** Directions for this task **
Your answer should be the lines below from the one holding "Pink Crew Neck" through the one holding "Oriental dragon glass", copied exactly and with nothing else.

** Extracted entries **
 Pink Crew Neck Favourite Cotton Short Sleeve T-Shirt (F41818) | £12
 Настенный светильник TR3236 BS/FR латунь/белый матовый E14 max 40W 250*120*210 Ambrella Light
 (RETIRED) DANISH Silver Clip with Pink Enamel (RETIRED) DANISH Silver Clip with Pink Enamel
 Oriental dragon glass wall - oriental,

...

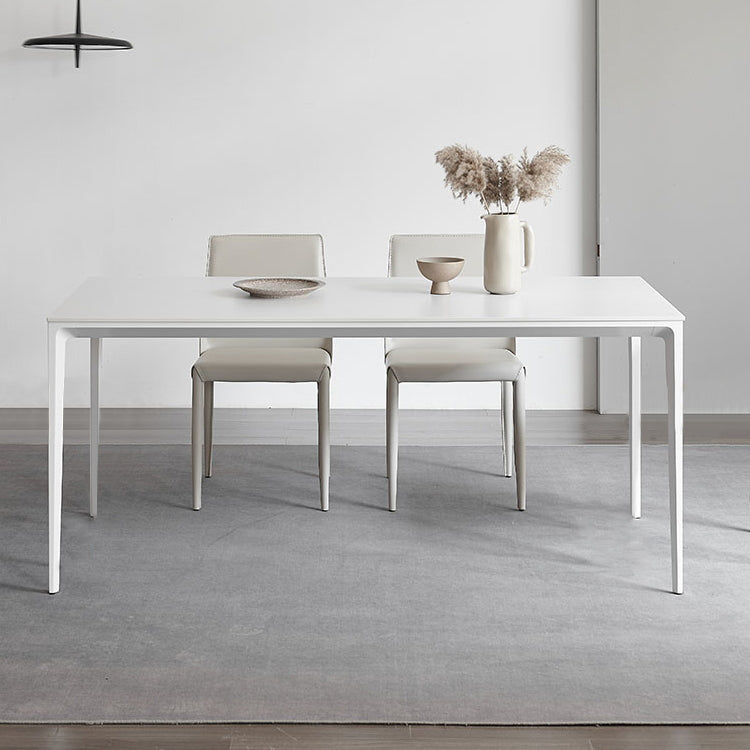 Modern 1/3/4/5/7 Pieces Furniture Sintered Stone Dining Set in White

...

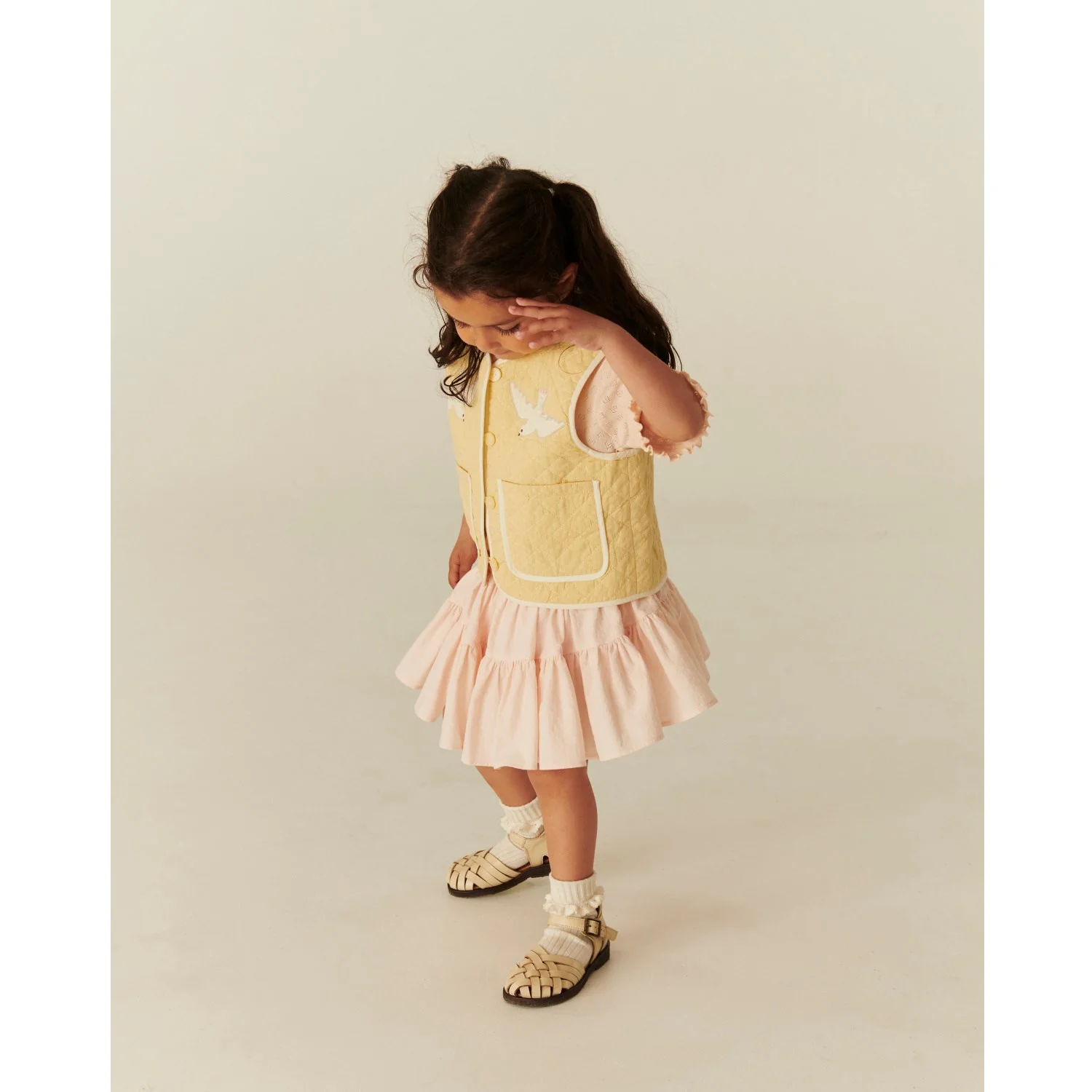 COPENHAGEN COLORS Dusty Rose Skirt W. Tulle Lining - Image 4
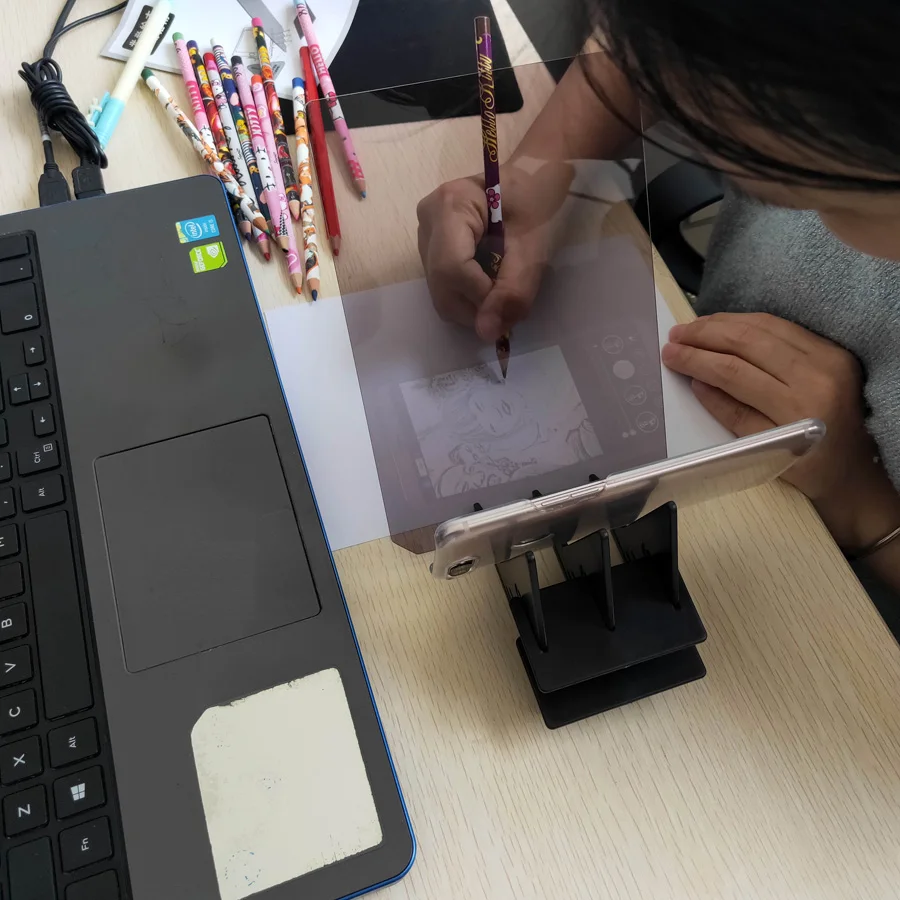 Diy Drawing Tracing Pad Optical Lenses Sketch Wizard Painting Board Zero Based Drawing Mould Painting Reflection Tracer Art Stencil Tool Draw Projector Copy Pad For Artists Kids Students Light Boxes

** Output **
 Pink Crew Neck Favourite Cotton Short Sleeve T-Shirt (F41818) | £12
 Настенный светильник TR3236 BS/FR латунь/белый матовый E14 max 40W 250*120*210 Ambrella Light
 (RETIRED) DANISH Silver Clip with Pink Enamel (RETIRED) DANISH Silver Clip with Pink Enamel
 Oriental dragon glass wall - oriental,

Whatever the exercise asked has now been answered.